Monday, June 18, 2012

Perfect Bra Size

This one's solely for the ladies. Bras: surveys assessing whether women currently wear the correct band and cup size indicates that 80% of us girls are hopeless when it comes to picking the right bra.  There are many great sites that explain the details of why, and how to fix this, but here's a compilation of the best parts.

The Basics:

Breasts should be considered in 2 parts: the volume of the breast itself, and the distance around the rib cage directly under the base of the breast. The volume part is the most important because the letter cup size changes drastically depending on the band size it's attached to.
Here's a picture of what I mean: these are ALL "D" cups! Don't be discouraged when your tape measurements say "You're a D cup" and yet you look nothing at all like Chesty Larue. 

30D, 32D, 34D, 36D and 38D bras
Fantastic photo courtesy of: http://blog.butterflycollection.ca/2012/05/bra-school-not-all-d-cups-are-same-size.html

The second part of a bra is the size of the band. This is where most ladies go wrong even when they find a cup that fits well.  Most of a bra's ability to support the breast volume comes from the proper fit of the band, not the straps.  Using a too-large band and very tight straps causes tension on the shoulders and they will dig into the skin. 

Measuring:

  1. Use a cloth or paper measuring tape for this. You can print one out for free here: 
  2. http://www.herroom.com/herroomtape.pdf
  3. Remove your clothing and bra for these measurements. You want to measure *you* not your bra.
  4. Bend forward so your back is level with the floor.
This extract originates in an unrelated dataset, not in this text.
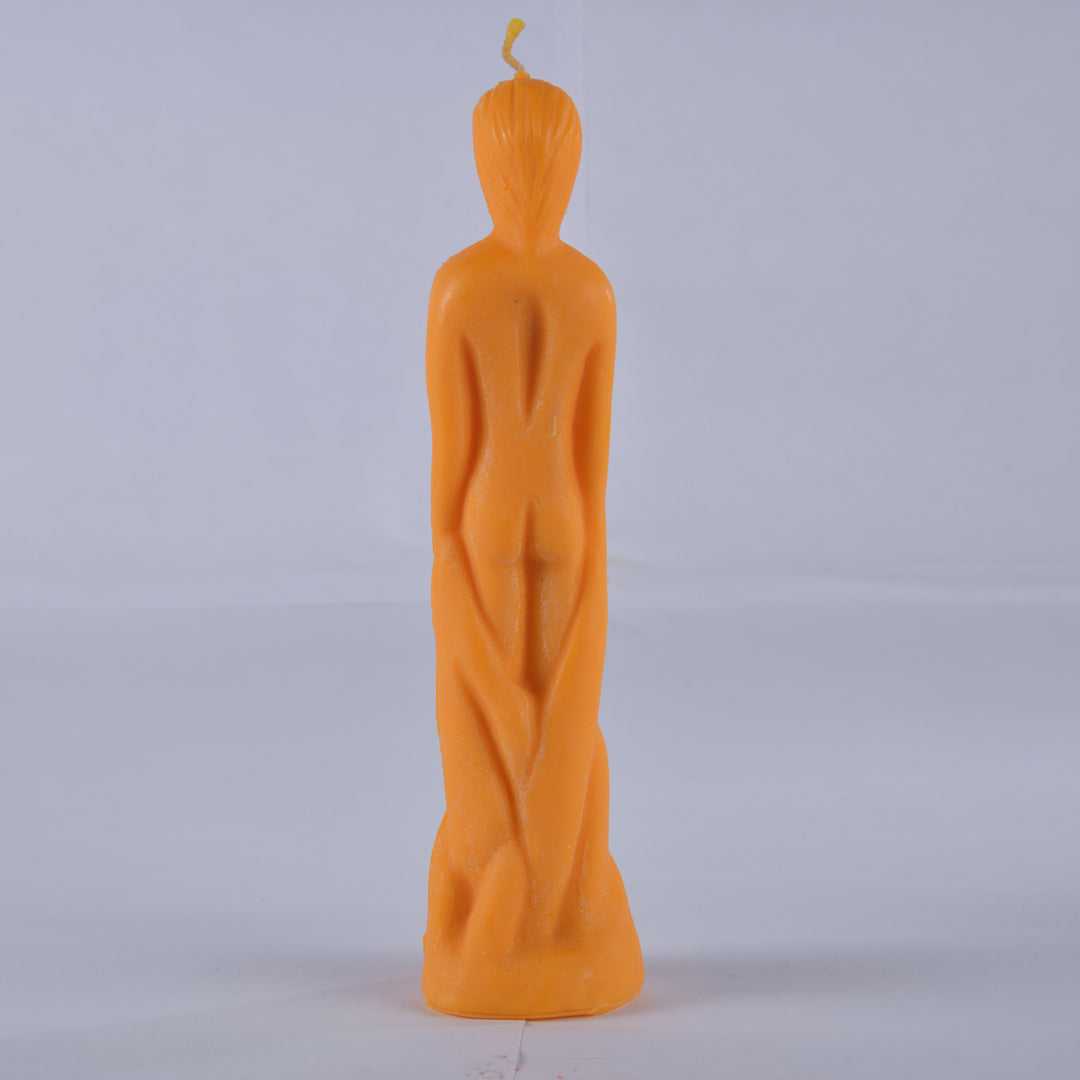 Real Male Figure Candle Orange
Measure around your nipple line all the way around your torso. The measuring tape should be fat against the skin all the way around, but not so tight that you cause the breasts to deform. This will make sure you measure 100% of your breast tissue.
  5. If your breasts have significant vertical hang when you're braless, take the measurement around your nipple line again while you are standing then average these two numbers. (Measurement 1 + Measurement 2, then divide that number by 2).
  6. Standing upright, measure around your torso directly under the spot your breast meets your chest. This is where your band should sit, regardless of where your nipple line is.  Pull the tape snug but not so snug that your sides have any "muffin lines" (or sausage kinks as some call them). 
  • For US bra sizing, use your actual band measurement + 4. If the tape says 30", then you wear a 34 band size in the US market. If you are buying bras in the UK then your band size is exactly what the tape reads.  
6.  Subtract your band size measurement from your nipple-line measurement. If the difference is less than 1 inch, you are an A cup, 1" = B cup; 2" = C cup, 3" = D cup, 4" = E cup, 5" = F, 6" = G cup, 7" = H cup, 8" = I cup; 9" = J cup, and 10" = K cup. (These are UK sizes, compare below for US equivalents).
As you can see, US sizes are rather confusing compared to UK sizing. This confusion makes it extra chalening to go up/down in the same bra and find an accurate fit. For this tutorial and the sake of simplicity, use the UK sizing model first, then reference this chart if you do not know which US bra is equivalent. 


The Right Band:

The right band will be snug, but you should still be able to slip a finger underneath without your chest being pinched by the elastic.
The band should sit flat against your breast bone in front with no gap. 
  • If it's hovering, the cups are too small.
The band should be level with the floor all the way around with no arching upward in the back.
  • If it's arching, the band is too large or the straps are much too tight.
  • Loosen the straps. If this makes your breasts sag or makes the cup wrinkle, your band is too large.
The design of the band should help lift your bust even before you tighten the straps.The perfect band for larger volume and breasts that require support will be wide and resistant to folding or rolling up when pulled around the body.  Light duty and narrow bra bands are best left to those who don't yet need support.

The Right Cup:

This is where volume matters. Forget about cup sizes for a moment and consider this chart: 
Each color represents a cup volume; 32A being the same as 30B and 28C. 
  • If your tape measurements say you are a 34C, then your breasts will fit similarly into any of the light purple bra sizes. If the band on a particular 34C model is too tight try a 36B in the same bra. If it is too loose, you try on a 32D.
  • These are sometimes called "sister sizes" because they are the same cup sewn onto different bands. 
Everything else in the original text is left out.